On 27 September 2023, the European Systemic Risk Board (ESRB) published advice on the prudential treatment of environmental and social risks.

The advice highlights the specificity of risks related to climate change, which can be expected to become an important driver of broader environmental and social risks, and the challenges of tackling such risks in the existing prudential framework. The advice builds on established positions of the ESRB, as outlined in particular in its contribution to the European Commission’s call for advice on the 2022 Review of the EU Macroprudential Framework.

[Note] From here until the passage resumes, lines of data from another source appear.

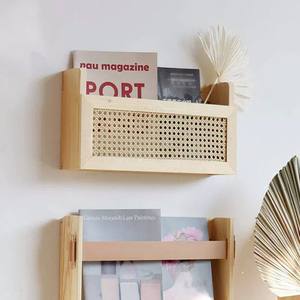 Étagère murale en bois massif tressé, organisateur décoratif créatif, étagère suspendue pour magazines et paniers - Product Image 3
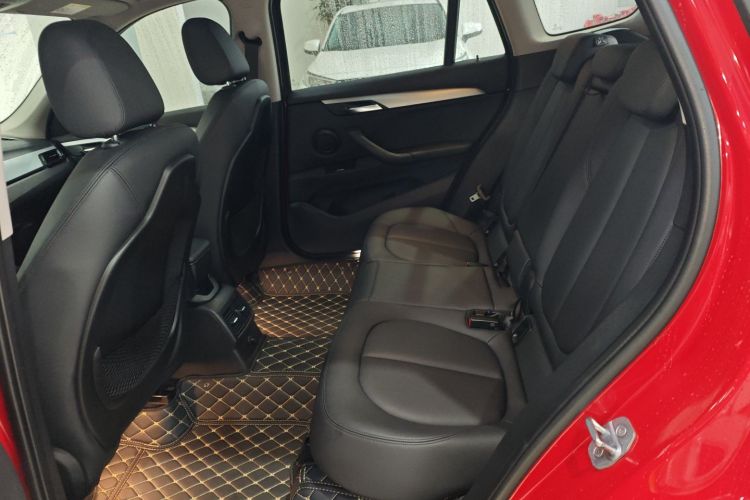 BMW X1 2019 car image #17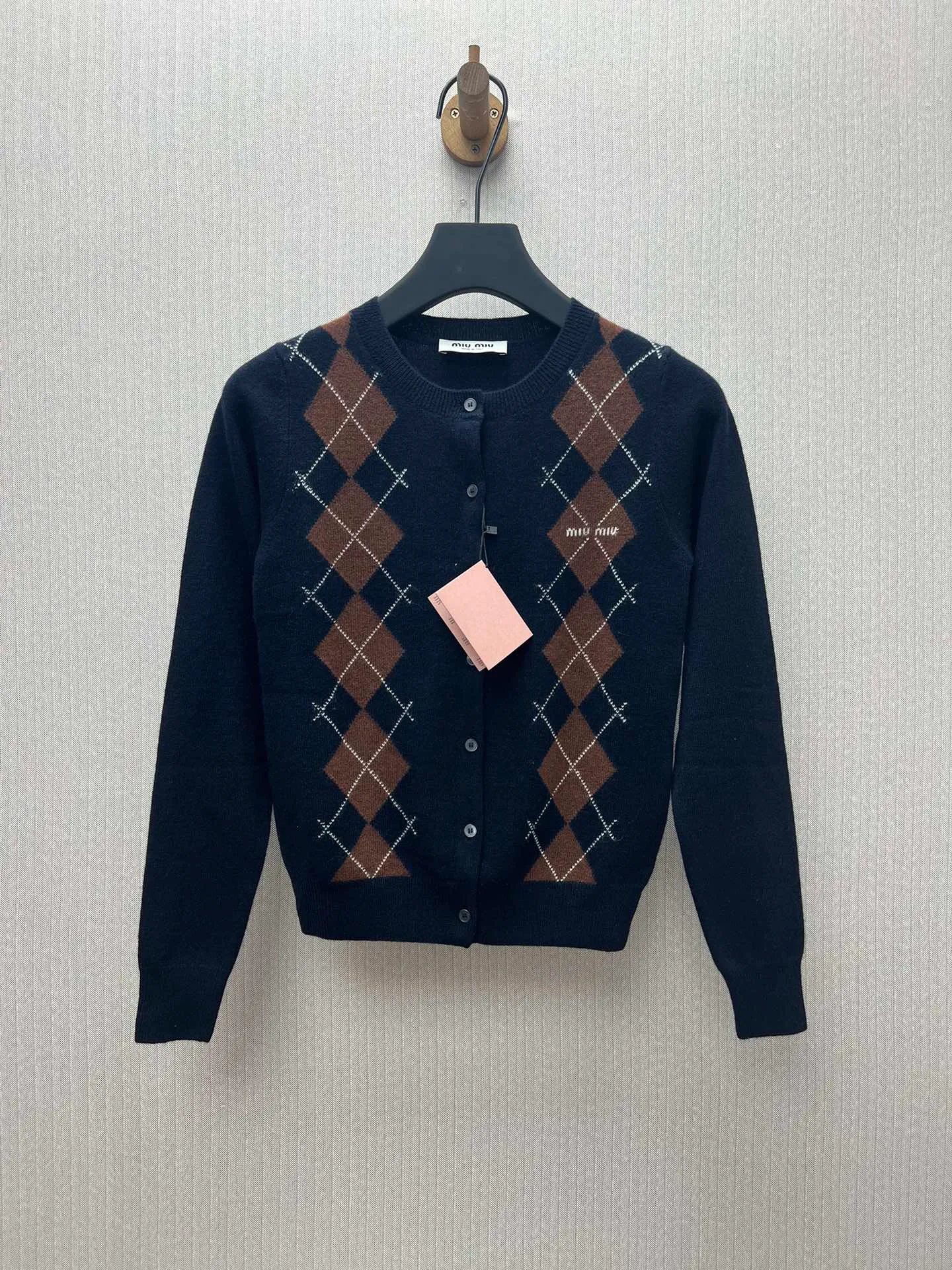 MIUMIU 25ss New Arrival ， Miu Miu Classic 。 Sizes：S.M.L.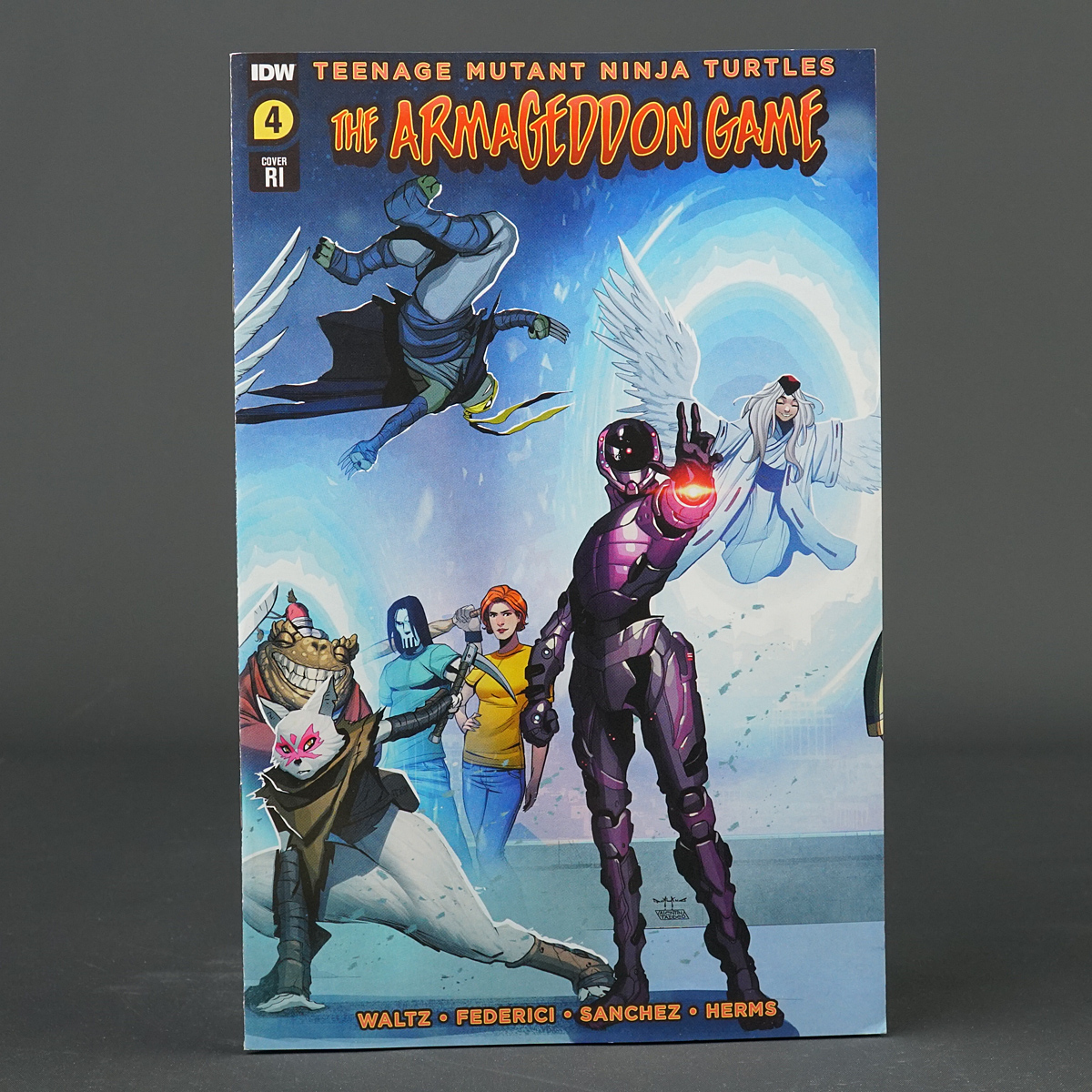 TMNT ARMAGEDDON GAME #4 RI 1:10 IDW Comics 2023 4RI OCT221752 (CA) Qualano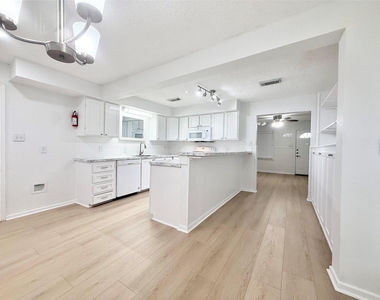 1121 N Chenango Street - Photo Thumbnail 8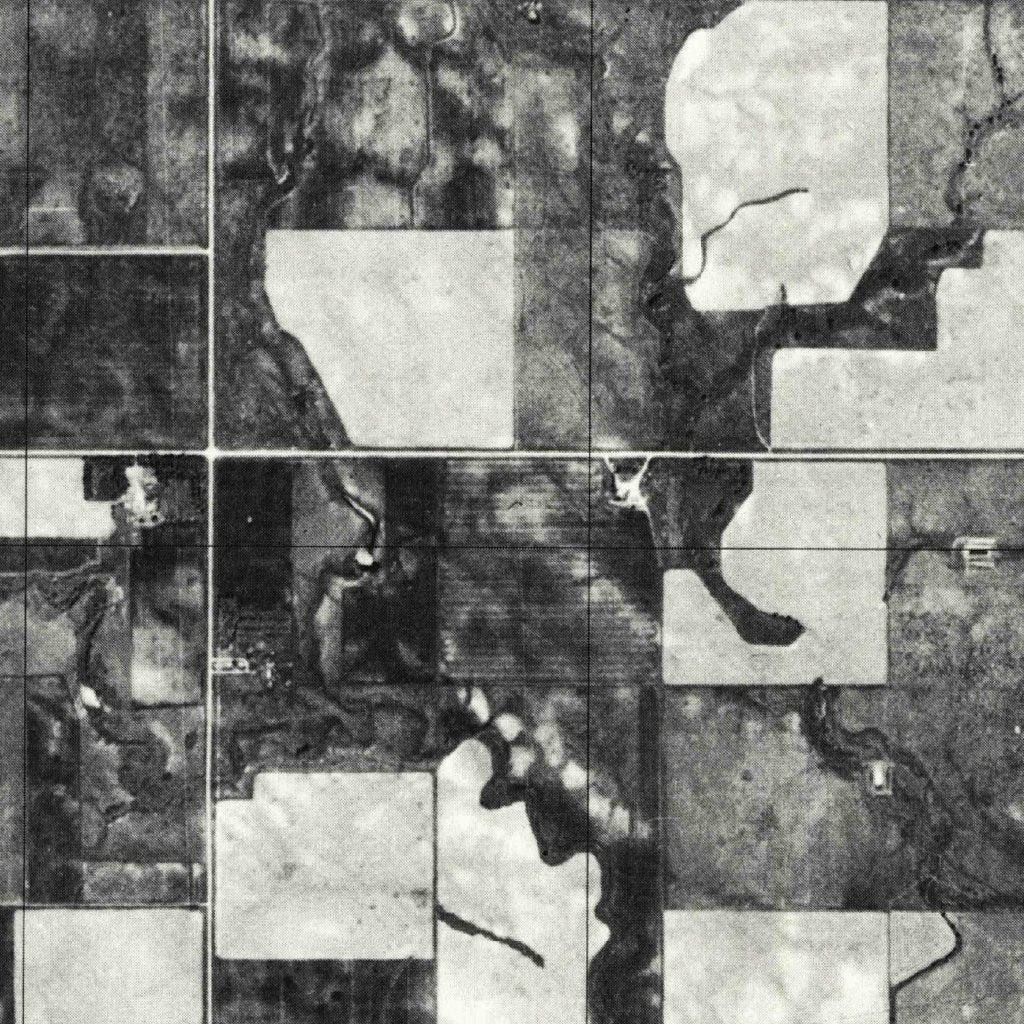 Lake Andes, SD (1977, 24000Scale) Map by United States Geological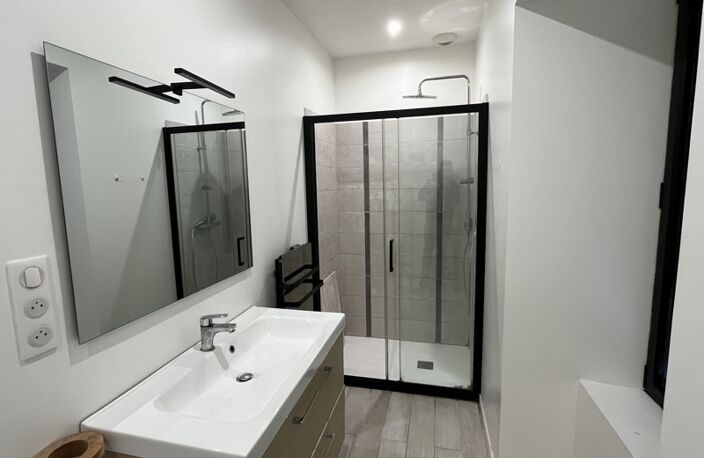 Maison en pierre de 4 pièces principales — photo 5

The advice highlights the following:

  • The conventional risk management methods used by financial institutions and supervisors have clear shortcomings and may not be suitable for properly capturing the full range of climate-related financial risks, as these methods are based on historical data that do not reflect the new risk patterns that will emerge as a result of climate change.
  • In view of the rapidly evolving nature of physical risks and transition risks linked to climate change, the ESRB welcomes the fact that the European Banking Authority (EBA) is assessing the prudential treatment of environmental and social risks well before the date stipulated in the regulation.
  • While some forward-looking elements can and should be used for the calibration of micro prudential requirements, macroprudential tools may also be needed to deal with the heightened overall uncertainty caused by climate change and the associated system-wide environmental, social and political risks that are to be expected.
  • The ESRB considers that macroprudential policies have a role to play in addressing the systemic dimension of climate-related risks and in contemplating micro prudential policies targeting climate-related risks.
  • The ESRB is of the view that the macroprudential framework can already be used in its current form to address climate risks, notably through systemic risk buffers (SyRB) and borrower-based measures (BBMs), although some targeted adjustments are needed.
  • The ESRB would welcome a review by the EBA, in the near term, of its guidelines on the appropriate subsets of sectoral exposures to which an SyRB may be applied.
  • The SyRB has already been identified as a possible macroprudential tool to guard against systemic aspects of climate risks in the EU.
  • A sectoral SyRB may be an adequate tool to increase resilience to concentrated exposures to those sectors or geographies that are most vulnerable to climate risks, provided that it can be designed with sufficient granularity.
  • BBMs could usefully complement capital-based measures to mitigate particular climate-related financial risks.
  • The ESRB is of the opinion that BBMs should already form part of national macroprudential toolkits in the short to medium term and that their design should allow them to be used to mitigate climate-related financial risks.